Key idea: distances on a grid come from the Pythagorean Theorem
If one step moves from (x1,y1) to (x2,y2), and dx = x2 - x1 and dy = y2 - y1, then the distance is:
distance = sqrt(dx^2 + dy^2)
Because x and y are integers, each allowed distance is the square root of an integer. So for a given length like sqrt(5) you must find a step with dx^2 + dy^2 = 5 (for example dx=2, dy=1).
Common small grid moves (dx, dy) and their lengths
- (1, 0) or (0, 1) — length = 1 (sqrt(1))
- (1, 1) — length = sqrt(2)
- (2, 0) — length = 2 (sqrt(4))
- (2, 1) — length = sqrt(5)
- (2, 2) — length = sqrt(8)
- (3, 1) — length = sqrt(10)
- (3, 2) — length = sqrt(13)
- (3, 3) — length = sqrt(18)
- (4, 1) — length = sqrt(17)
Remember: signs (±) and swapping dx,dy give many directions for each length (for example (2,1), (2,-1), (-2,1), (-2,-1), (1,2), etc.).
Step-by-step solving method
- Write each length as a target pair of squared integers.
Example: sqrt(5) means dx^2 + dy^2 = 5 → possibilities (2,1) or (1,2) in some sign/direction.
- List all possible (dx,dy) moves for each length.
Make small sketches or notes showing all directions for those vectors.
- Pick a starting dot and try to place moves in order.
Use pencil marks: when you place one move you physically check whether the next move can be made from the new dot without leaving the grid or revisiting a dot.
- Use forced moves to prune possibilities.
Some dots (like corners or edges) will have fewer possible outgoing moves. If a dot must be used in a particular way to satisfy the next lengths, that forces choices and reduces the branches you must try.
- Backtrack when you hit a dead end.
If following a sequence prevents you from placing a later length, undo the last choices and try a different direction.

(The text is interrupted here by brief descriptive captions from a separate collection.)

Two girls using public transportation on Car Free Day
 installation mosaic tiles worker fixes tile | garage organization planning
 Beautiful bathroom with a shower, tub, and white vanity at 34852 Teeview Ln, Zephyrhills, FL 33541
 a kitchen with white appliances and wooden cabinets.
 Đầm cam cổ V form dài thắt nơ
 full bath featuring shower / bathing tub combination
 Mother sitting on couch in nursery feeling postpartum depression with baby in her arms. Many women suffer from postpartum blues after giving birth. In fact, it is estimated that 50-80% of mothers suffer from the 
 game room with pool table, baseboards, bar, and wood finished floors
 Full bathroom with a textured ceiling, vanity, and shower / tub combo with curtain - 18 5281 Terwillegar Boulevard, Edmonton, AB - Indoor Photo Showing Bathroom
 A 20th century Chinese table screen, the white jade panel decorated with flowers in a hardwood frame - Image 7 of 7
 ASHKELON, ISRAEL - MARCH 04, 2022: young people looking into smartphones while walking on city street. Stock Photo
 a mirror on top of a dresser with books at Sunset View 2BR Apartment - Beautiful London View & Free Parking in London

Most puzzles are solved by careful backtracking with logical pruning.
Extra strategies that help
- Spot unique endpoints: The first and last dots are endpoints (degree 1); other dots in the path have degree 2. If a dot can only be the end of the path because no two moves can meet there, it's likely an endpoint.
- Use symmetry: If the grid and lengths are symmetric, you can try one half and mirror it, or reduce duplicate cases.
- Count available moves: For each remaining dot, count how many of the remaining move-vectors can reach it. Dots with very few options are where you should focus first.
- Mark forbidden dots: When you decide a dot is already used or will be unreachable, mark it so you don’t waste time trying to return to it.
A short worked example
Suppose you have a small 3×3 grid with coordinates (0..2, 0..2) and the length list: sqrt(5), sqrt(2), 1. Can we connect four dots?
- sqrt(5) → move (2,1) or (1,2) in some direction. Try starting at (0,0) and use (2,1) to go to (2,1).
- sqrt(2) → from (2,1) use (-1,1) to go to (1,2) because (-1)^2 + 1^2 = 2.
- 1 → from (1,2) go down (0,-1) to (1,1).
The path of dots is (0,0) → (2,1) → (1,2) → (1,1). Each step matches the given lengths and no dot is visited twice. This shows how to translate lengths into concrete grid moves and test them.
Final tips
- Make a list of possible (dx,dy) for every length before you try to place anything.
- Start from likely endpoints (corners or edge dots) because endpoints reduce branching.
- Work systematically and don’t be afraid to erase and backtrack — that’s part of the process.
Practice these steps on the puzzles in Beast Academy pages 58–60: list moves, try placements, prune using forced moves, and backtrack when needed. With experience you'll get faster at spotting which moves will fit the grid. Good luck!